He says I get my ideas from text books and not real life parenting,

Patronising twat.

billy1966 · 01/08/2021 10:35

OP,

First off, don't get pregnant again with him.

He is dominating you and your child.

You need to look long and hard at the environment you have chosen to bring a child into.

One parent insisting their way is king, is awful and will make for a miserable childhood.

Toddlers can be tricky.
The wedding example is ridiculous.

Of course the phone would have distracted him and been the right thing to do.

This man is wrong and he clearly is spoiling your experience of motherhood.

You need to look at your finances and see what you want to do.

But it is reasonable to tell your husband that you are unhappy with HIM and his behaviour and maybe separation is the answer because you are NOT going to tolerate being told that he knows best about YOUR child.

You need to stand up for yourself and your child.Flowers

staryrainbows · 01/08/2021 14:27

Yes I do need to stand up for us, I just needed the reassurance that I wasn't wrong.

I will speak to him again but I know he won't take it on board. I'm not sure I'm ready to accept that I need to walk away but fully prepared to do so, guess I just need to bite the bullet. Never going to be easy is it. He thinks everyone else is always at fault. If he's in a mood and he snaps at people it's always that persons fault, never his. He was really sharp and unnecessarily harsh on his youngest child the other day, to the point I had to step in even though it was in-front of the child. His son was being irritating and was grating on me which is unusual but still didn't deserve to be shouted at, not in the way he was. It's not raising your voice to make a point, it's cruel and nasty.
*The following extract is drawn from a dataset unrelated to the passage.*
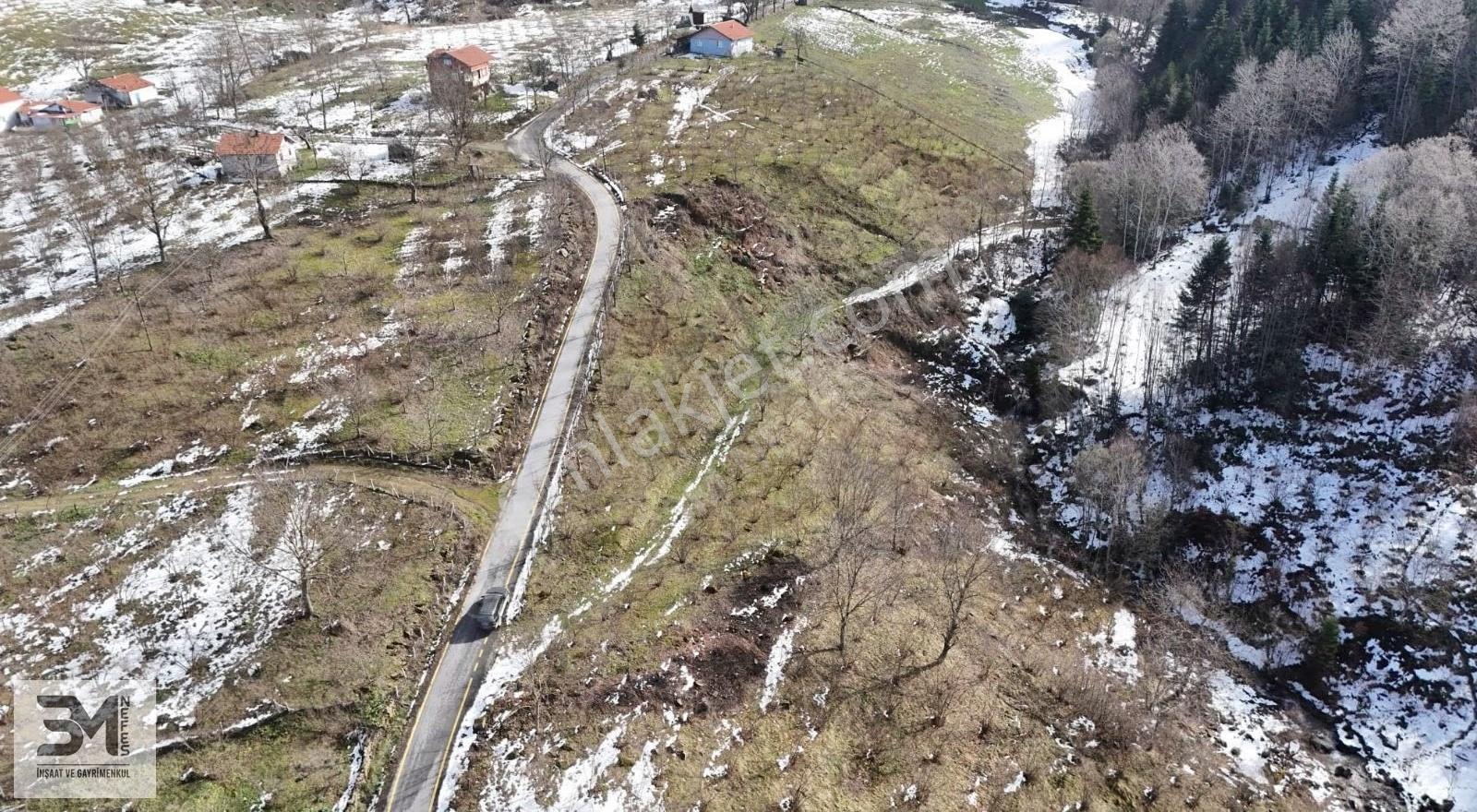 Sakarya Geyve Kamışlı 2240 M2 %40 İmarlı Uygun Fırsat Arsa - Görsel 6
He says he was the same with his older children as he is with ours and his ex had no issues with his parenting. But I don't place much value on what his ex believes is acceptable, she has very low standards if what she tolerates from her new partner is anything to go by.

OP posts:
Datsandcogs · 01/08/2021 14:37

Most toddlers tantrum about control. I would give the toddler the choice, “Who’s hand are you going to hold?” Toddler win as they have control, parent win as toddler is safe.